#### What to do:
Lines after the one containing "Diverse knife set, 1" are to be omitted; print exactly each line from the start of the records up to and including it.

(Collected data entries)
___

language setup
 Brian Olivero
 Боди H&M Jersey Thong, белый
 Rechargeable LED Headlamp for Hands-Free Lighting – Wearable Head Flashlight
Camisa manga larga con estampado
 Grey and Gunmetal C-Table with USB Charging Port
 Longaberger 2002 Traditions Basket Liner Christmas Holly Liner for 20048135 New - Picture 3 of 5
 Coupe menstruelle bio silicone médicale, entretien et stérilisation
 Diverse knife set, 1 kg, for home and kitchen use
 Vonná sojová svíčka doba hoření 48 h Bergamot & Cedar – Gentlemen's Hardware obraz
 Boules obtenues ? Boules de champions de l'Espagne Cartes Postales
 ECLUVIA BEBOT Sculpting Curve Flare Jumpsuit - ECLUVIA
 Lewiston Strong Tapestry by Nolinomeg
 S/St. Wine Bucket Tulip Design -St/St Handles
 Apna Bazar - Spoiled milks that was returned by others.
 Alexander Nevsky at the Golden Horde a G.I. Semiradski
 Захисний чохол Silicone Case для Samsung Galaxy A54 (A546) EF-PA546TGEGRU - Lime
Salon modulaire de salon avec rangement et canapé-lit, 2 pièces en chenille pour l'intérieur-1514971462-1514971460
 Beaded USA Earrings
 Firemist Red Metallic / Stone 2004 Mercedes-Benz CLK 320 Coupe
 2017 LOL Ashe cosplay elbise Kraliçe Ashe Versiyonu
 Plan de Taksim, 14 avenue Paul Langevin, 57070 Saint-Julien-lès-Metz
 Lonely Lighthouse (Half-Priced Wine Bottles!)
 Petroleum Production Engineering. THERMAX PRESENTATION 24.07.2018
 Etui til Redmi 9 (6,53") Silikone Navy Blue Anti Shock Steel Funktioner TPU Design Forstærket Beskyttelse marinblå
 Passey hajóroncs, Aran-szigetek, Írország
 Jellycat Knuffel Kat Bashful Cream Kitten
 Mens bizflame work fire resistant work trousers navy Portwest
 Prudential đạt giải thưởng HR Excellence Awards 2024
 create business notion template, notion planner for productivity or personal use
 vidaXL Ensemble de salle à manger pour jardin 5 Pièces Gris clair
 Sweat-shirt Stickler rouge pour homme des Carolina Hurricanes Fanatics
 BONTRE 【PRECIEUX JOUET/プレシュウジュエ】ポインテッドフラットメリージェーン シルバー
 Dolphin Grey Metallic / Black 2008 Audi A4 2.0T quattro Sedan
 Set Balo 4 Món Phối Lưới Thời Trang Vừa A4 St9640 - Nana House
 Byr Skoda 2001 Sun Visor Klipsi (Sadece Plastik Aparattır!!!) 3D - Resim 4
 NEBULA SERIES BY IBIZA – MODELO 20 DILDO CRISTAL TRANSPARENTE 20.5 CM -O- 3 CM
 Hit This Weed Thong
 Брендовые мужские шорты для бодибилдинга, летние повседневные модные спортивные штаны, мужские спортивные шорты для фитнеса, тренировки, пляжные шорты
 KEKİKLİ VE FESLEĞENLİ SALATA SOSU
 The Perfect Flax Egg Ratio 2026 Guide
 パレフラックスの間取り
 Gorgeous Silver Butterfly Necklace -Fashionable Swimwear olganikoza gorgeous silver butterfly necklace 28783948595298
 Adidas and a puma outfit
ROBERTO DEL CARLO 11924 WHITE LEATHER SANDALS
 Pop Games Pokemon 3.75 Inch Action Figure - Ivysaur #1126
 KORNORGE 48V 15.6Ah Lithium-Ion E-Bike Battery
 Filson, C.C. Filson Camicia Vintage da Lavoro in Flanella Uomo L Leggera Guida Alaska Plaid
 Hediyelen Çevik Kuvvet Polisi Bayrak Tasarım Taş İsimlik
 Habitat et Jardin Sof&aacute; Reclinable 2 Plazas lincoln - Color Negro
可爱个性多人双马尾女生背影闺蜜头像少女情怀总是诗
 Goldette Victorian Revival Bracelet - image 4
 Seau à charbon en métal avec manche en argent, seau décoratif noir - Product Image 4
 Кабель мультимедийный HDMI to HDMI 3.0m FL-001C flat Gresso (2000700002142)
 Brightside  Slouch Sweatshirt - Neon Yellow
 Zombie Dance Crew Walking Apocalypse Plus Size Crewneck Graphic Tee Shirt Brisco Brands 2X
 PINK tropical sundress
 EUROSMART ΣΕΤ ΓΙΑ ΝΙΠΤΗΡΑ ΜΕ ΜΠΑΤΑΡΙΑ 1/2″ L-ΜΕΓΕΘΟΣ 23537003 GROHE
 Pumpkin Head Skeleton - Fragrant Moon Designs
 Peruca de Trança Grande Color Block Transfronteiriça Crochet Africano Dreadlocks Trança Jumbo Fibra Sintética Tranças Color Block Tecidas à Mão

___

#### Response area:
language setup
 Brian Olivero
 Боди H&M Jersey Thong, белый
 Rechargeable LED Headlamp for Hands-Free Lighting – Wearable Head Flashlight
Camisa manga larga con estampado
 Grey and Gunmetal C-Table with USB Charging Port
 Longaberger 2002 Traditions Basket Liner Christmas Holly Liner for 20048135 New - Picture 3 of 5
 Coupe menstruelle bio silicone médicale, entretien et stérilisation
 Diverse knife set, 1 kg, for home and kitchen use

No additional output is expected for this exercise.